-- Data provided follows --

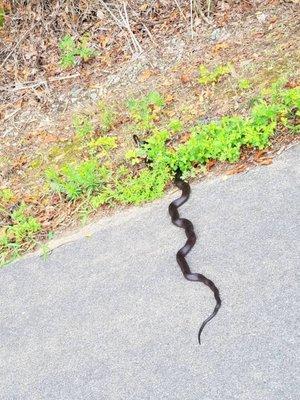 Pest Animal Removal Nassau County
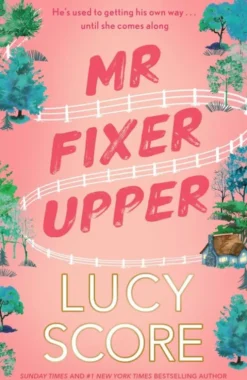 Mr Fixer Upper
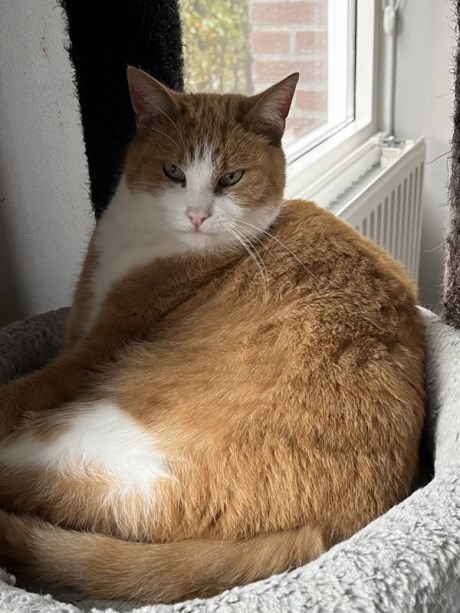 Kat Europese korthaar of huiskat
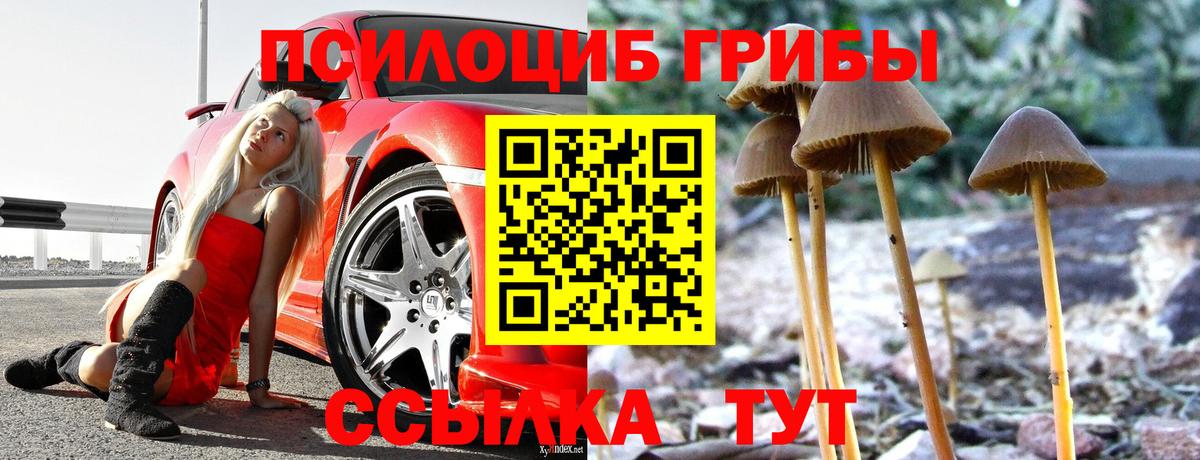 Псилоцибиновые грибы мухоморы Улан-Удэ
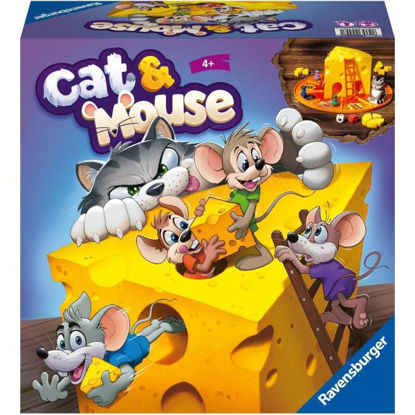 rave245581-juego-cat&mouse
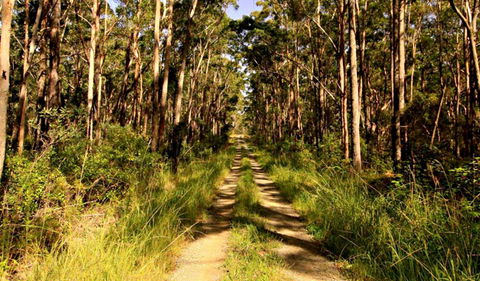 Mining Road Fire Trail, Old Gibber Road Rire Trail - Accommodation Sydney 0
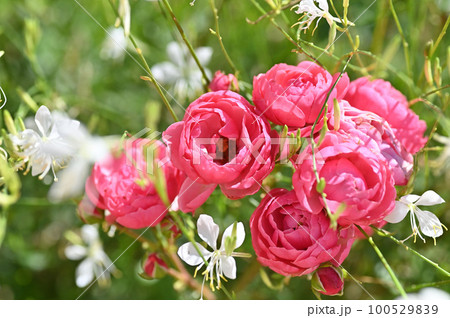 ガーデニングで美しく咲いた薔薇の花の写真素材 [100529839] - PIXTA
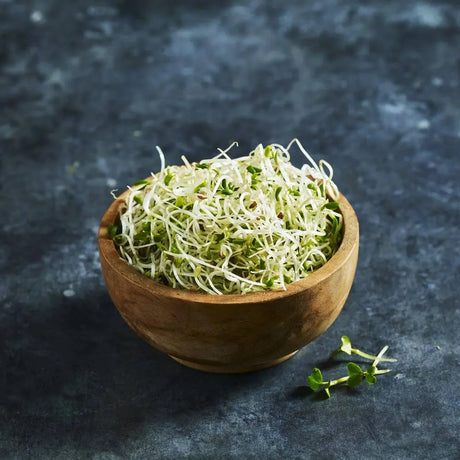 Fresh alfalfa sprouts with fine white stems and green leaves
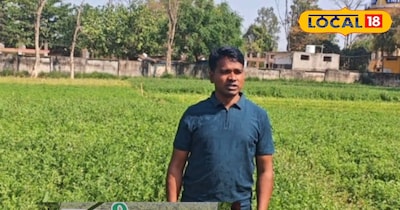 एक बुवाई, 5 कटाई! अंबिकापुर में बरसीम घास से बढ़ रही किसानों की कमाई.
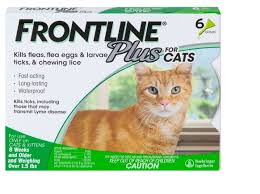 frontline for cat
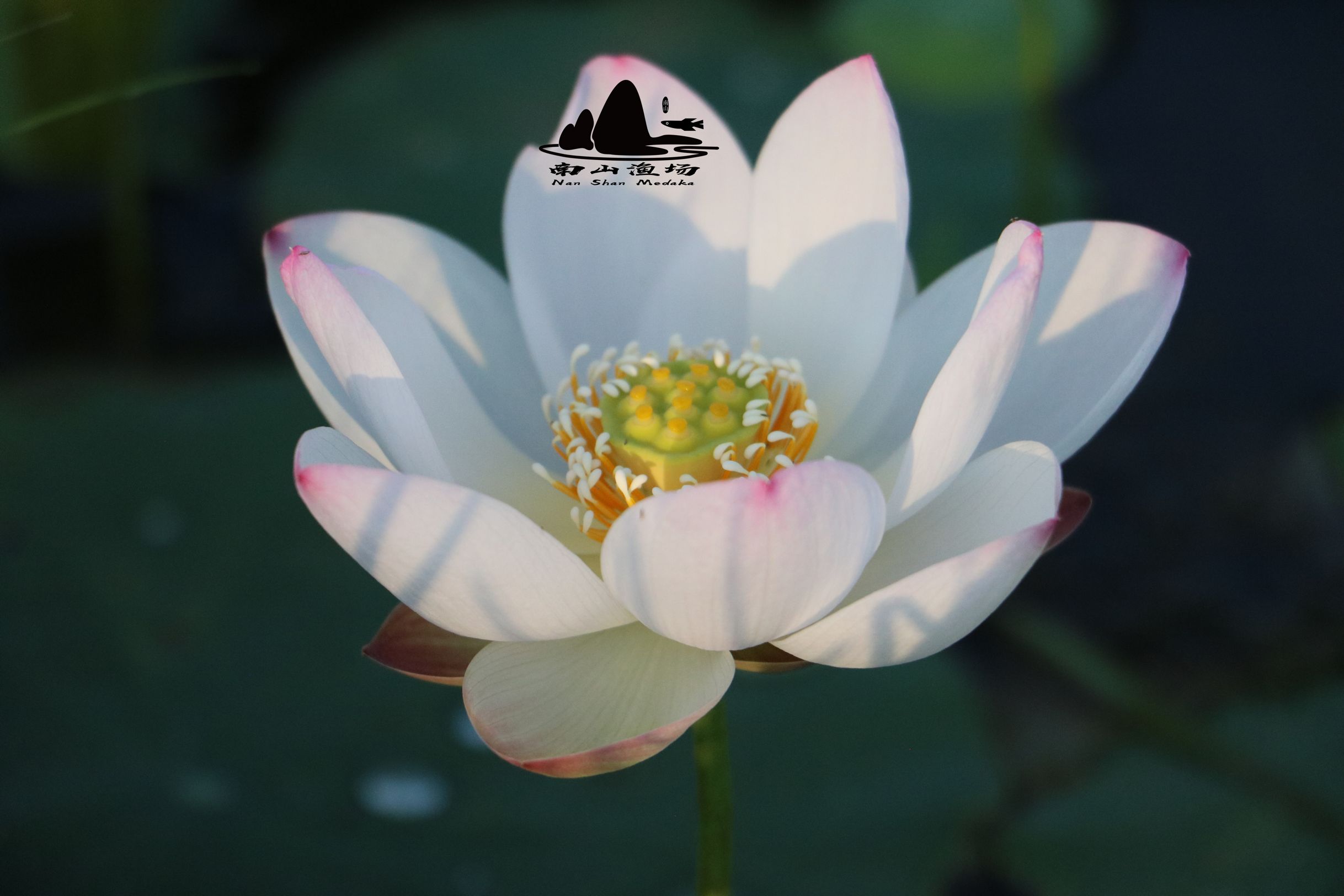 【白衣仙子】小微型 粉白色 碗莲荷花水生花卉种藕包活包对版开花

-- Data provided concluded --

» **What this task involves**
Take the line that contains "Fresh alfalfa sprouts" and every line after it down to the last line of the entries above, and output them exactly, with nothing else and no pictures.

» **Exercise result**
 Fresh alfalfa sprouts with fine white stems and green leaves
 एक बुवाई, 5 कटाई! अंबिकापुर में बरसीम घास से बढ़ रही किसानों की कमाई.
 frontline for cat
 【白衣仙子】小微型 粉白色 碗莲荷花水生花卉种藕包活包对版开花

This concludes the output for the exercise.